今日、専門家はパフォーマンスを発揮して往来を練り歩く知識人=批評家に対してますます劣勢を期している。ツァラトゥストラに出てきたあの「ヒルの専門家」のように、ある分野にとことん通い詰める者は、その専門性が持つ重さを身内に受けて猫背になるほかない。

 

しかしこの反対にもっと理想的で自由なパフォーマンスが存在するわけではなく、世間には諸処の専門家を模倣して足しげくそれらを代表するような顔をした論者、つまりいわゆる批評家のような人間たちがいるだけである。確かに前者のあまりにも厭わしい変形は避けがたい。しかし多くの人は何かを専門として、その重さを引き受けることなしには、何事も真に達成することはできない。これを省略して、半可通であちこちに顔を出して手軽な見解を配る「知識人」にこそ警戒するべきで、この点で専門家は確かに気高い。だがそれは隠者や狂人の凄みであり、依然として自然の仮像を受け入れるには重すぎるのだ。

 


 ニーチェは専門家にも敬意は称しても、われわれ(ニーチェは過去や未来に自分と並び立つ者をこう称する)はそうではないと考えている。それにしても、専門家の重苦しさを如何としたものか。「われわれもまた、おおむね学者であることは否めないところではあるが。しかしわれわれは、学者とは別の欲求、別の成長、別の消化をする存在である。」これがどれほどの誤解を生むのか、想像に難くはない。

 

 

 かような次第で、ニーチェはやはり読みにくい。私が思うに、いかなる理由であれ、傷ついた状態にある人は、ニーチェにあるがままの自分の形式の肯定や、あるいはニーチェ自身に理想的な人間像を求めて本を開くべきではない。

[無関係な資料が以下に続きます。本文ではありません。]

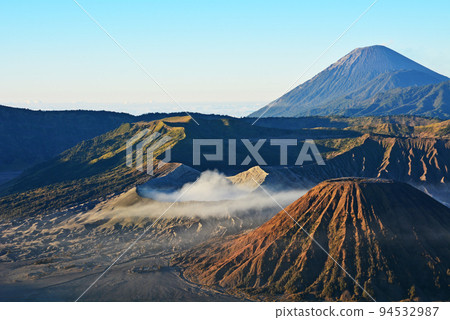 婆羅摩山，印度尼西亞爪哇的聖山 94532987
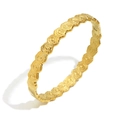Elegante 18K vergulde roestvrijstalen armband met gegraveerde rozenbloempatronen - Stijl Met Rozenreliëf En Scharnier / Goud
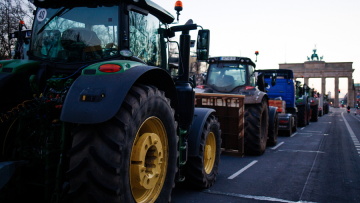 Γερμανία: Χάος με τις κινητοποιήσεις αγροτών και μηχανοδηγών - Ακυρώσεις δρομολογίων, μπλόκα με τρακτέρ στους δρόμους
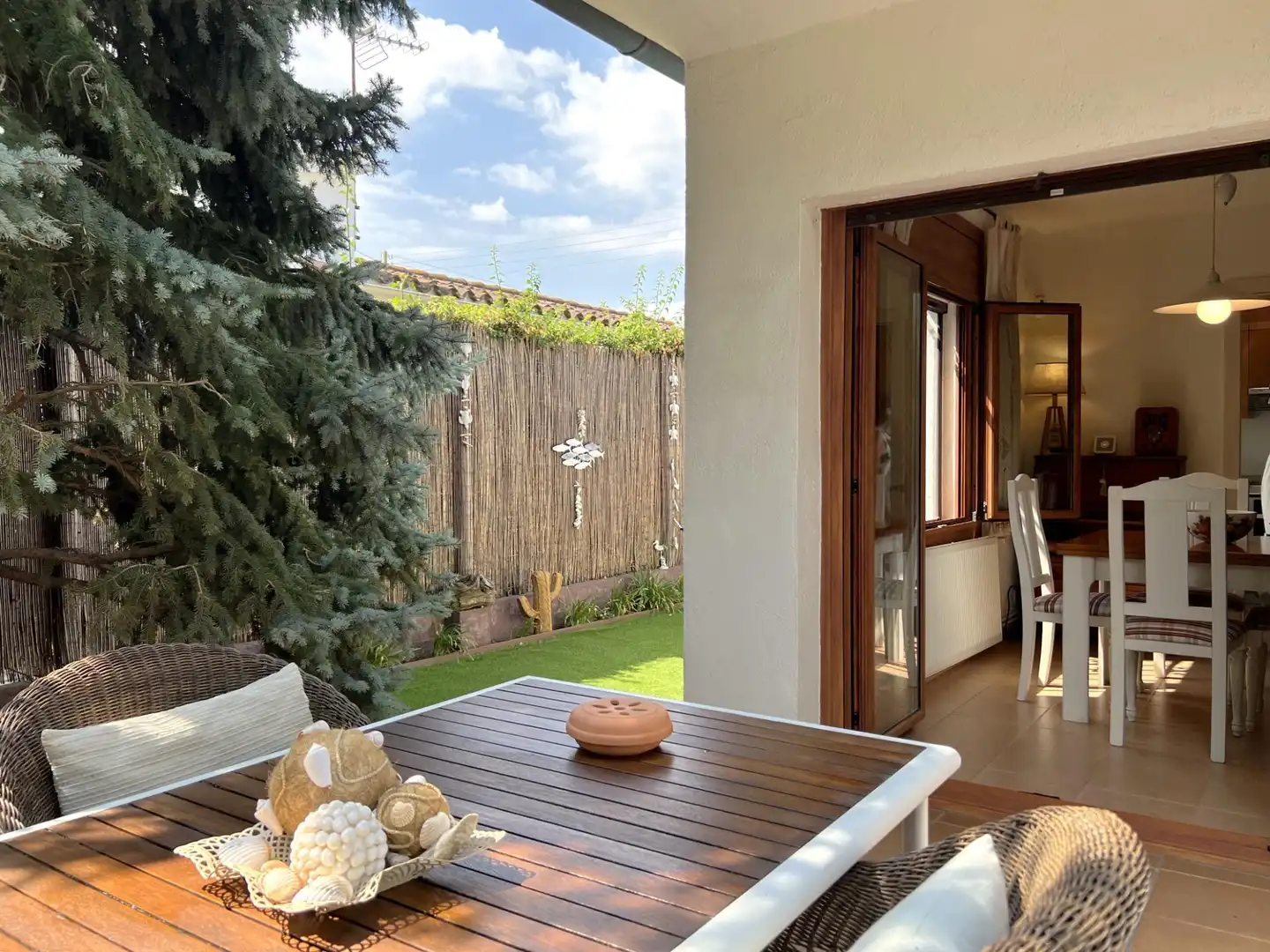 Casa amb jardí en venda a L'Armentera, imagen 2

なぜならこれは誰に対しても開かれた思考ではないし、聖書のような癒やし=解決(納得、説明、理解、反動的な肯定)の書物ではないので、負傷した状態の人間がニーチェを読んでも、この門は私には開かれてはいないと気づくだけで、むしろ傷を深くするか、最悪ニーチェに対して怨みを抱くだけだろう(そして彼はもっと手軽な信仰を求めて彷徨い始める)。

 

 

 むしろ余裕があり、自分が最初は徹底的に居場所のなく、しかも自分はどうするべきなのかも簡単には与えられないということと向き合えるときの人間が、つまり誤解を避けない人間が、読み進めることができる。(とはいえ、私はこの傷つかない鋼の精神も、ニーチェの再読を通せば「誰にでも」ーーこの言葉に含みがあることはご存知だろうがーー獲得されると考えている。)

 

例えばニーチェは弱者に一様に厳しく、彼らはいずれ淘汰されるべきだという意志を貫いている。そしてそのことに関する多くの誤解を避けようとはしない。だが、今やこれを誤読したまま、悪用しようとした人間が現れた以上、我々はエクスキューズとも向き合う必要がある。

 

 この弱者とは一般的な意味での身体的・精神的弱者、あるいは社会的弱者を意味するものではないし、いわゆる強者とは全く異なるものだ。そもそも現代において、強者は潜在し息を潜める中、弱者が満ち、強者が飛び跳ねたりしないよう抑制される社会なので、強者はむしろ自らの勝利しか知らない、社会的な弱者であり、一方で弱者は彼らの生きる現代の勝利を確信した、弱者の徳の中での強者である。

 


 ここで、私はニーチェほどの強者でないので、この弱者と強者という言葉の中に既に多くの人が生理的な反感を抱くことに気づけてしまうし、あまつさえ、歴史の中のあまりにあからさまな奴隷制や階級制度への回帰をニーチェが推奨しているのだとすら考えることだろう。このように読み取ることへのあまりに自然な流れの強要こそ、我々の解釈の持つ能力に覆いかぶさる現代性を暗に表している。この生理的なレベルにまで高められた強者への反感の念こそ、パウロローマ・カトリックが用意した疚しい良心の大仕掛けである。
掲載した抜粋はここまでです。